3. Mexer-se, fartar-se, zangar-se

Finalmente, não esquecendo os dramas específicos do torrão natal: temos de dar uma hipótese a esta fanada e insuficiente II República. O tempo do paizinho acabou há 40 anos, se achávamos que ser cidadãos era lá ir botar o papelinho de quatro em quatro, erro nosso; a democracia é suposto dar trabalho, é suposto implicar vigilância dos eleitos e voluntarismo dos cidadãos. “Os políticos isto e os políticos aquilo” é conversa de Marinho e Pinto e de taxista, cidadão e político são sinónimos, políticos somos todos ou isto não chega a ser uma República a sério. Temos de nos mexer, temos de nos fartar, temos de nos zangar e se for preciso temos de gritar e parar o país.
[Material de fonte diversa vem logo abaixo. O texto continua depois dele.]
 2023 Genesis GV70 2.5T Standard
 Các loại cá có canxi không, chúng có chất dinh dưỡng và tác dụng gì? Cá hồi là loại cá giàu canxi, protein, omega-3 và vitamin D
Temos de aprender a sentirmo-nos mais ofendidos pelos corruptos em que votámos do que chorar “que só prendem os meus porque os teus estão no governo”. O queixume abafado é um anacronismo, o tempo da boa-educaçãozinha medrosa, do lavar as mãos antes de ir para a mesa acabou e ainda bem. Se queremos azeitonas, temos de nos dispor a varejar as oliveiras.